In journalism, there’s a style called "feature writing" which emphasizes narrating skills over reporting. This, I think, gives a lot more room for the human aspect of an environmental story to grab people’s attention, which can then hopefully turn into action. Quantitative information and numbers don’t necessarily lie, but I think they’re almost meaningless without understanding the social nuance of these data. Such quantitative data also often represent the majority, but the most captivating stories I’ve ever read are the ones about the marginalized. Mainstream media have done a great job at capturing the majority’s voice, and writing for such an extraordinary platform like Mongabay has provided me with ample opportunities to share stories of people who are rarely given any platform to voice their experiences or opinions.


        Your articles do an incredible job of interweaving human knowledge and practices with non-human ways of life. In one of your recent articles, for instance, you explored how understanding the circling movements of sea animals can benefit effective conservation of the marine ecosystem at large. This to me speaks strongly to your interdisciplinary approach to journalism. What opportunities or limitations have you encountered in bringing different systems or forms of knowledge into conversation with one another – for instance, marine science, economics, sociology, or others?

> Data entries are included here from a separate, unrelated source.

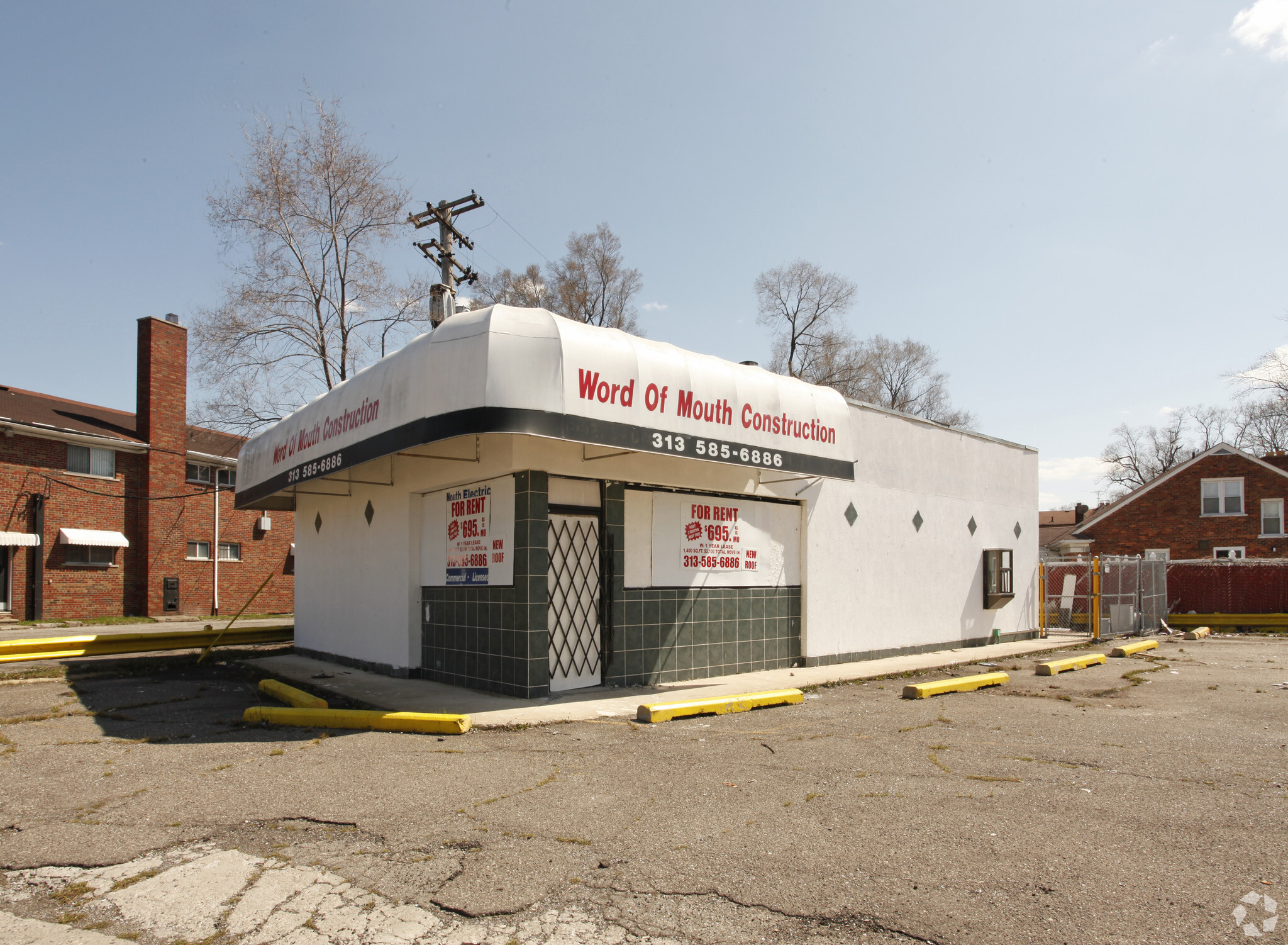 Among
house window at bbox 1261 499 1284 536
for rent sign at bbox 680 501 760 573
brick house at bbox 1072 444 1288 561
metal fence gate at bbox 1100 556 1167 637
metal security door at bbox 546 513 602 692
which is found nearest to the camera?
metal security door at bbox 546 513 602 692

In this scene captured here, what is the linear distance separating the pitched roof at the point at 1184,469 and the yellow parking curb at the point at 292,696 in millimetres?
38335

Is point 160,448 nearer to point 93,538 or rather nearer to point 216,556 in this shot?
point 93,538

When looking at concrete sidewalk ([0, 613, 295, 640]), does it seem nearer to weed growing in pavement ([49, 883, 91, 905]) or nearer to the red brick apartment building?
the red brick apartment building

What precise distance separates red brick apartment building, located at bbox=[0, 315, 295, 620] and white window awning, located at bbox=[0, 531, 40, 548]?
0.04m

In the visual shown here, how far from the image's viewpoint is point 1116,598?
2150 cm

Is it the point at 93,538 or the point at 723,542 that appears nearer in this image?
the point at 723,542

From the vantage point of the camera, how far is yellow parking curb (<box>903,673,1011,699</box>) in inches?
406

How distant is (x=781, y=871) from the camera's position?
14.4 ft

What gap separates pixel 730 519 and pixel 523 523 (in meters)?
3.68

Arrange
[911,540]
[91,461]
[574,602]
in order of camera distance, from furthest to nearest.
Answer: [91,461] → [911,540] → [574,602]

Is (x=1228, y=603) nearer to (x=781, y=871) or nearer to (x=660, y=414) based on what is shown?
(x=660, y=414)

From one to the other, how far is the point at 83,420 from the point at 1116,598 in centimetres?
3320

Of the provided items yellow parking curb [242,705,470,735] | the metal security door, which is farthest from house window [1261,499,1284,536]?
yellow parking curb [242,705,470,735]

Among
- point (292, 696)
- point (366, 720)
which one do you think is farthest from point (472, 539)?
point (366, 720) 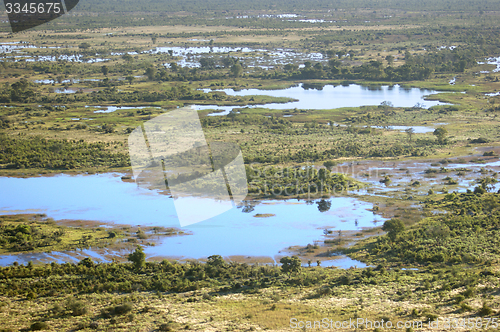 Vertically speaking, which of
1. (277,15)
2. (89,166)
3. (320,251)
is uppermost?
(277,15)

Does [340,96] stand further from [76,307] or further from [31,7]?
[31,7]

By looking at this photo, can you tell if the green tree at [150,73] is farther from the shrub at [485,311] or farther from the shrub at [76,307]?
the shrub at [485,311]

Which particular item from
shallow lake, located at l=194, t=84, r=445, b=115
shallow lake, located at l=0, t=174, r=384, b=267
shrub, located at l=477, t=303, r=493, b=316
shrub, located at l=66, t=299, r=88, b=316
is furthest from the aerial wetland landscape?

The opportunities are almost endless because human-environment relations are complex

and as a journalist, I think, you try to capture as much as possible of that complexity in a

cohesive story. And that is arguably the most exciting part about it. The limitation is simply

time! Not enough time for a journalist to do interdisciplinary reading, field reporting,

fact-checking, writing, and just as importantly, self-care. I think journalistic work can give

a signal to the academic community that there is an appetite in interdisciplinary scientific

research as it can enrich our reporting as well. At the end of the day, a good journalistic

work is one that’s able to show the big picture clearly.


Basten field-reporting on public health in Indonesian Papua.

        Finally, Basten, what advice would you give to scholars interested in studying human-environment relations?


I have very limited knowledge about, and experience in, the scholarly community, so I have to say that I don't feel I have authority to give solid advice in this regard. That being said, it would be cool to allow more journalists into the scholarly environment. By this, I don't mean merely a transactional relationship of promoting studies and writing content, but rather a relationship of mutual development that would allow us to expand one another's skills. I’m not saying this has never been done before, but rather that more of it needs to happen.

Basten field-reporting at the Sumatran rhino sanctuary in Sumatra's Way Kambas National Park.

"The conversation around ocean conservation and sustainable fisheries is still heavily focused on protecting the marine ecosystem. While this is very important, not enough attention is  being given to the empowerment of coastal communities, fishers, and seafarers."


"Human-environment relations are complex. As a journalist, you try to capture as much as possible of that complexity in a cohesive story."